Nulla di nuovo, quanto più la conferma che la nostra è la Forza Armata più povera in quanto svantaggiata da alcune decisioni del passato che hanno favorito gli altri Corpi a nostro discapito. D’altronde, dal momento che l’aumento di stipendio verrà calcolato in percentuale sulla retribuzione tabellare, è ovvio che chi oggi guadagna meno riceverà anche l’incremento più basso.
Nel dettaglio, come confermano le tabelle elaborate dal Dipartimento della Funzione pubblica, grazie all’aumento del 5,80% del tabellare (questa la misura che dovrebbe essere garantita con le risorse a disposizione per la contrattazione) ne risulterà un incremento medio e lordo di:
187,98 euro per la Polizia di Stato;
179,01 euro per la Polizia penitenziaria;
189,92 euro per l’Arma dei Carabinieri;
194,25 euro per la Guardia di Finanza;
172,05 euro per l’Esercito Italiano;
192,43 euro per l’Aeronautica militare;
189,67 euro per la Marina militare.
Cifre che per quanto non siano ancora ufficiali (prima di sbilanciarci preferiamo attendere l’avvio della contrattazione) confermano la presenza di uno squilibrio tra l’Esercito italiano e le altre Forze Armate e di Polizia, al quale bisognerà recuperare intervenendo al più presto su alcune componenti della retribuzione che ci vedono in svantaggio.
Dobbiamo lottare per farlo, ragion per cui abbiamo bisogno del supporto del personale a cui ribadiamo che alla luce di tale situazione è assolutamente sconsigliato iscriversi a un sindacato interforze, in quanto punterà al mantenimento di uno status quo che penalizza l'Esercito Italiano.
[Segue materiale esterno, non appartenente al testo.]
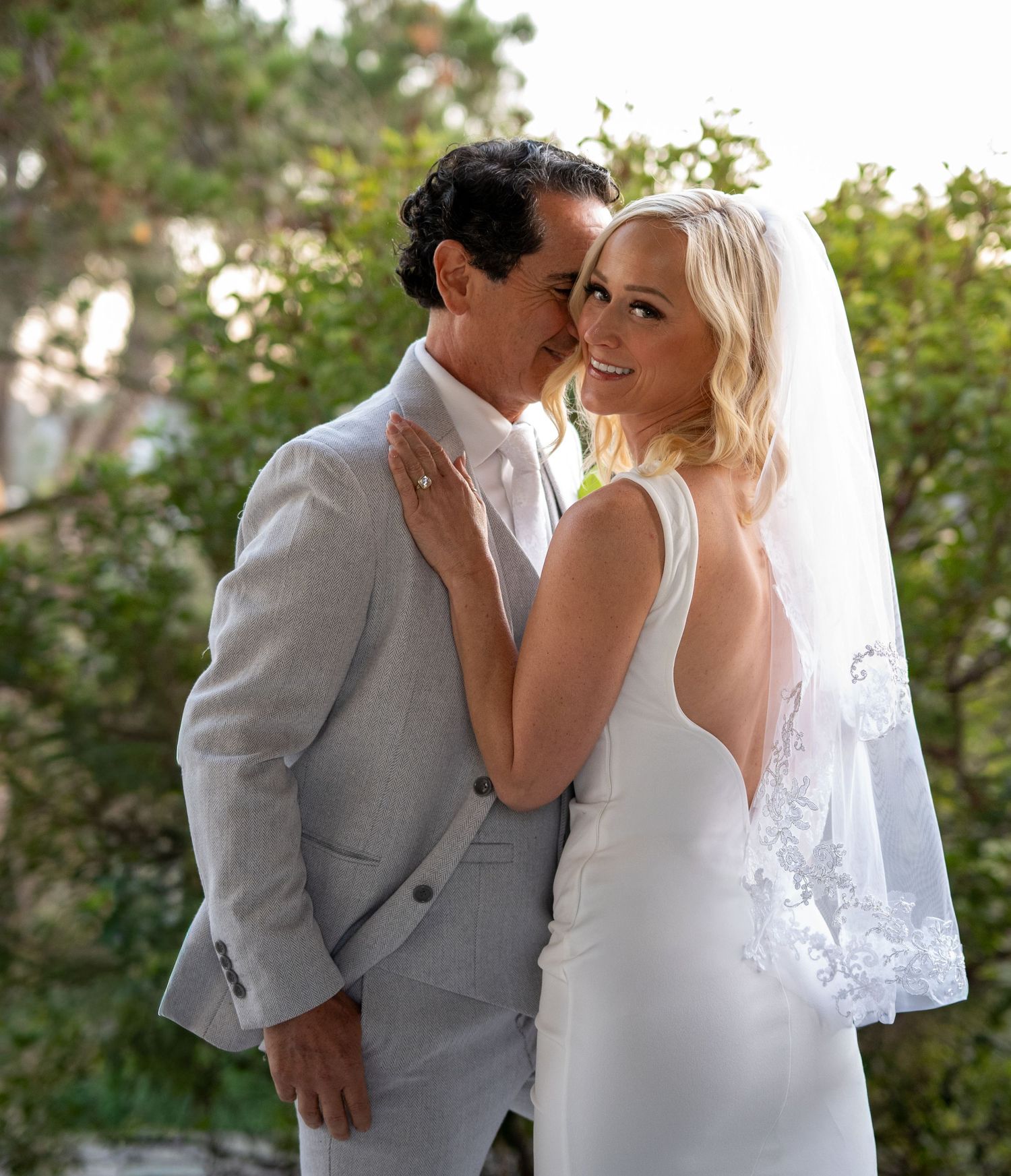 Bride in backless white gown with veil and groom in gray suit share romantic moment surrounded by greenery.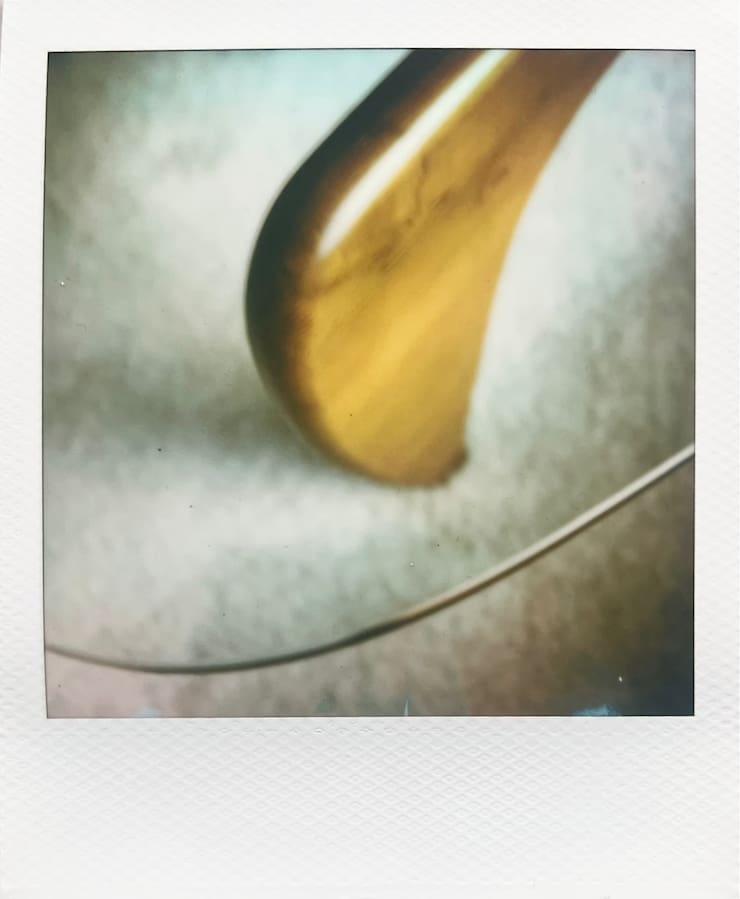 An abstract photo with a glass surface on a wooden stand.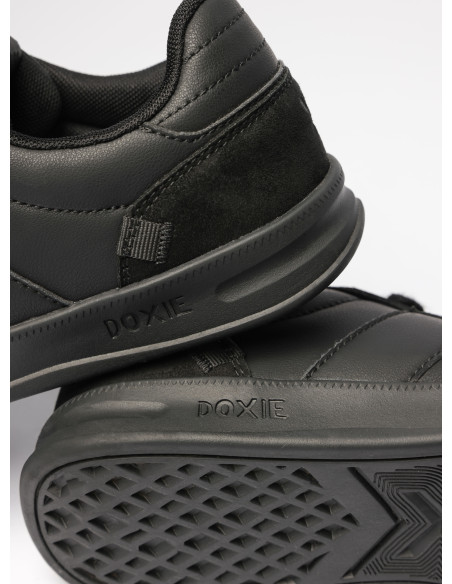 Zapatilla de cuero sintético negro con detalles sutiles, perfecta para un estilo urbano.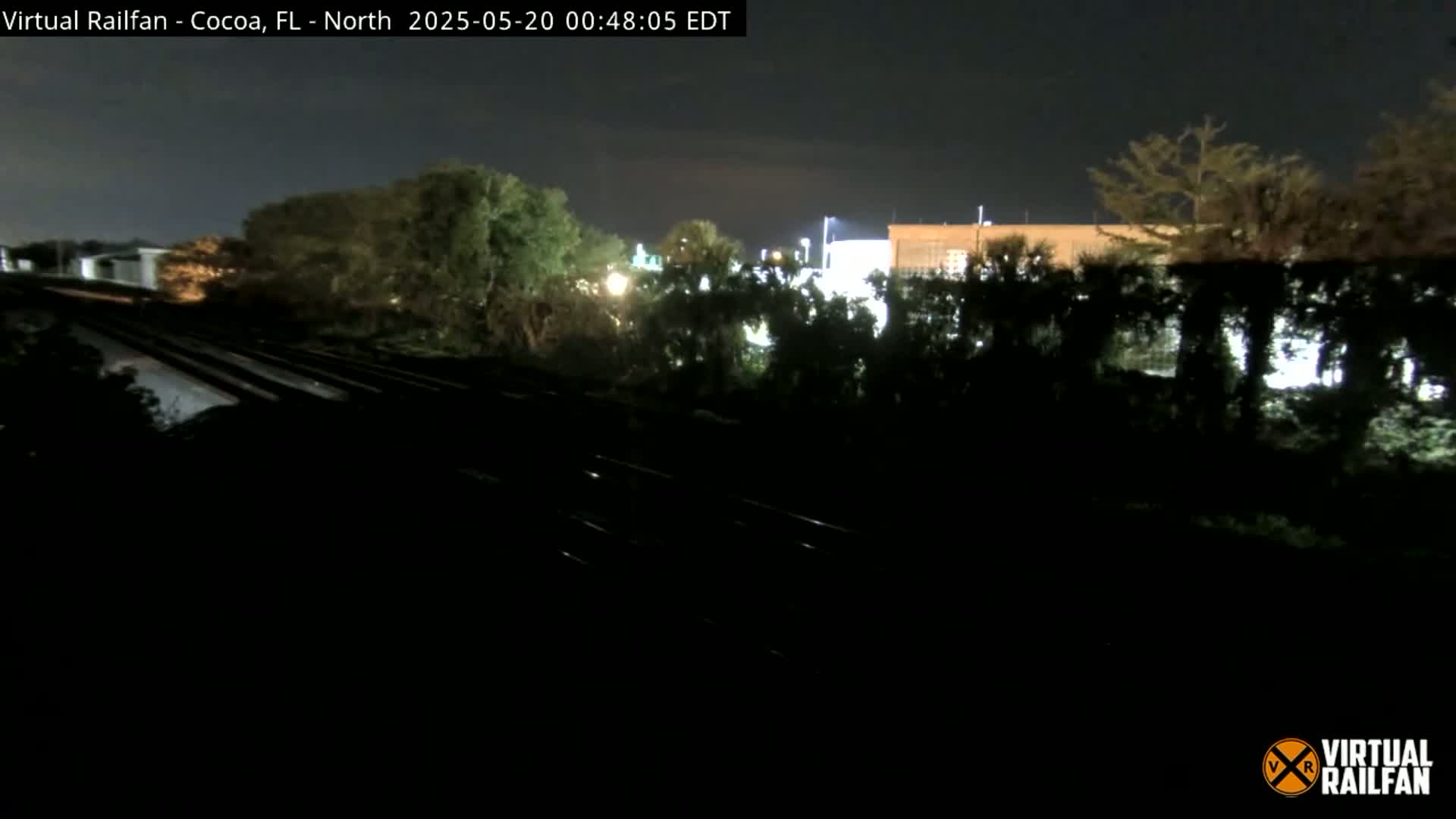 A nighttime view of train tracks running through a wooded area next to a dimly lit building under a clear sky.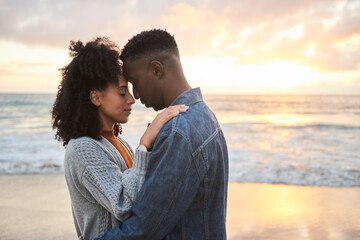 Young multiethnic couple standing in each other's arms on a beach at sunset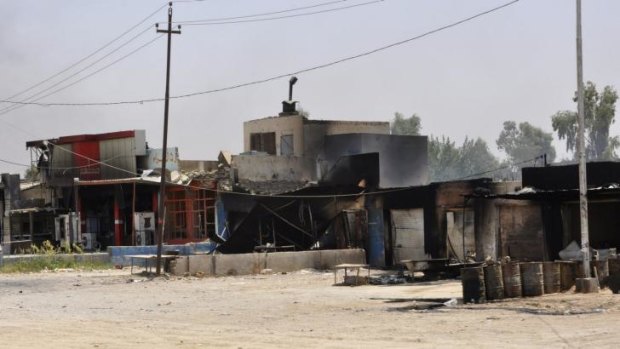 Burnt-out shops after clashes between Iraqi security forces and ISIL militants in Baquba.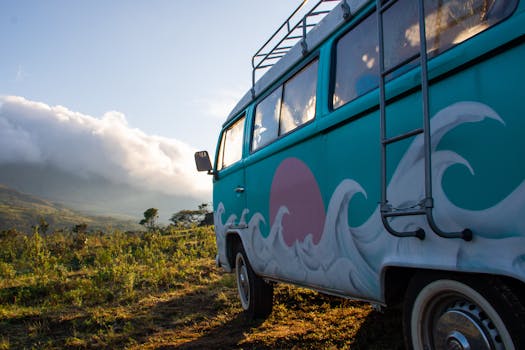 Colorful vintage camper van in a scenic outdoor landscape at sunrise.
Qualsiasi tesseramento a un sindacato non dell'Esercito, quindi, non solo è inutile ma rischia di essere persino dannoso.
Pensiamo ad esempio alla vicenda degli straordinari, sui quali il Presidente del Consiglio Giorgia Meloni si è soffermato ritenendo che le somme riconosciute alle Forze di Polizia oggi siano insufficienti e inadeguate per il lavoro svolto.
Quello che la Presidente del Consiglio probabilmente non sa è che oggi il trattamento riconosciuto alle Forze di Polizia, per quanto meriti di un rialzo, è comunque migliore di quello previsto per l’Esercito Italiano. E ciò vale per tanti altri compensi accessori che vanno assolutamente rivisti.
Non c’è quindi solamente lo stipendio tabellare a essere più basso: è nel complesso che il trattamento riservato al personale dell’Esercito Italiano è peggiore.
In questi anni sono state prese delle decisioni volte a favorire altri comparti, mentre non ci si è risparmiati a chiedere all’Esercito un maggiore impegno. Lo dimostra il fatto che attualmente possiamo dire di essere l’unica Forza Armata a occuparsi tanto della difesa dei confini quanto della sicurezza delle città (con l’impegno assicurato nell’Operazione Strade Sicure).
A tal proposito, come ASPMI sarà nostro dovere mettere il Governo davanti a questa situazione, assicurandoci che con il rinnovo di contratto - che per la prima volta ci vede partecipare al tavolo come Associazioni professionali a carattere sindacale tra militari - venga messo mano a questo squilibrio intervenendo sulle varie voci che compongono la retribuzione.